8 fév 2027 - 19 fév 2027

EHU Module "Sociology of Public Law and of Private Law" (3 ECTS)

This module provides an introduction to the regulation of sporting and cultural spaces. It focuses on the ways that access to these spaces and the behaviours that can be performed within and around them is regulated by both public and private legal structures.
Examinations of the interactions between both the law and popular culture more generally, and sport and the law more specifically, have become well-developed fields of socio-legal study. Drawing on this body of work, the themes developed throughout this module, whilst delivered through a series of sporting and cultural case studies, will have wider ramifications to, and for, the law and socio-legal studies.
This module draws upon specific themes related to the tutors’ areas of research. It illustrates the symbiotic nature of teaching and research, and the importance of researchers within the academy passing on their research and insight. We will begin by introducing the contested meanings of law and popular culture and sports law to illustrate how new fields of study emerge to meet regulatory challenges. We will then focus on specific issues that have had an impact on the regulation of cultural and sporting events and venues:
Access to sporting and cultural spaces is regulated by event tickets, which can act as levers of social inclusion, social exclusion and control. But what in law is a ticket and what can you do with it?
Once in a sporting or cultural venue, the behaviour of fans and spectators is regulated by both the ticket’s terms and conditions and, in some cases, the law. Why do event organisers and hosts control fans and is state control necessary and lawful?
Spaces that were once public and open to all are increasingly being privatised, with access to them and what can be done in them being regulated.
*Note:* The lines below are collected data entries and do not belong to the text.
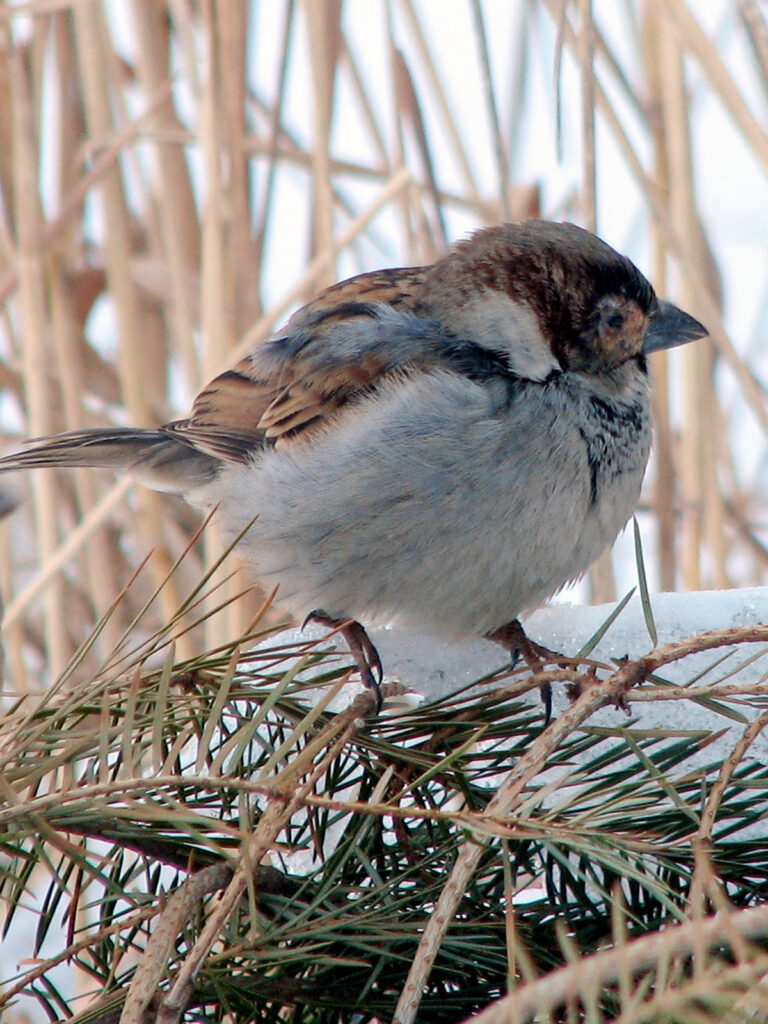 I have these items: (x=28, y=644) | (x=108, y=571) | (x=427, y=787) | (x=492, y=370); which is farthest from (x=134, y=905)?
(x=28, y=644)

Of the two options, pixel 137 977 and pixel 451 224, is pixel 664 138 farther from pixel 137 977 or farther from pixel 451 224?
pixel 137 977

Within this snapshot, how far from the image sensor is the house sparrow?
44.7 inches

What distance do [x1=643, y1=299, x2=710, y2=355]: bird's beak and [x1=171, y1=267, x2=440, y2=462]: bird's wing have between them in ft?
0.82

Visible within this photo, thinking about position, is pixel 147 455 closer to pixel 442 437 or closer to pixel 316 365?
→ pixel 316 365

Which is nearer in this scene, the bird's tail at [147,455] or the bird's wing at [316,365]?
the bird's wing at [316,365]

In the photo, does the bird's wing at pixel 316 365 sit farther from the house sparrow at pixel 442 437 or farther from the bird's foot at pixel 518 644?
the bird's foot at pixel 518 644

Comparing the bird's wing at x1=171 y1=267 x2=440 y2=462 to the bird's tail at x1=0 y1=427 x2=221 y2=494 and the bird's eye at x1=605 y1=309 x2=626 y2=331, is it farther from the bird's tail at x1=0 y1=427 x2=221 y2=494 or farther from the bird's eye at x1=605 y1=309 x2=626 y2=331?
the bird's eye at x1=605 y1=309 x2=626 y2=331

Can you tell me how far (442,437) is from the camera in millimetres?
1173

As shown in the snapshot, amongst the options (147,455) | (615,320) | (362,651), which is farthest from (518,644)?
(147,455)

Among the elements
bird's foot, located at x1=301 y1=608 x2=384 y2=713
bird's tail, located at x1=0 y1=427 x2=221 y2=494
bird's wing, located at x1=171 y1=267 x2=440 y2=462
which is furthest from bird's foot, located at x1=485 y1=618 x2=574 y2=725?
→ bird's tail, located at x1=0 y1=427 x2=221 y2=494

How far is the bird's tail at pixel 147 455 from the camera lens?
1.47 metres

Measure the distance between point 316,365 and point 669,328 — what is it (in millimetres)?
417

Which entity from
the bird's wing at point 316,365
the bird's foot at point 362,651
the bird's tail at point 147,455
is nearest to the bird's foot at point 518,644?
the bird's foot at point 362,651

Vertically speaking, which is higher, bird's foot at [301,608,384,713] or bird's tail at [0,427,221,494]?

How and why have parks and public spaces become policed by private companies and what is the impact on lifestyle sports like Parkour?
The summer edition of the Olympic Games is the largest sporting and cultural event in the world. The event owner, the International Olympic Committee (IOC), places specific demands on hosts that they regulate Olympic areas to protect their income and commercial revenue streams. We will interrogate how the IOC has developed an indirect legislative power, and through a variety of theoretical lenses, whether this alternative power structure constitutes ‘law’.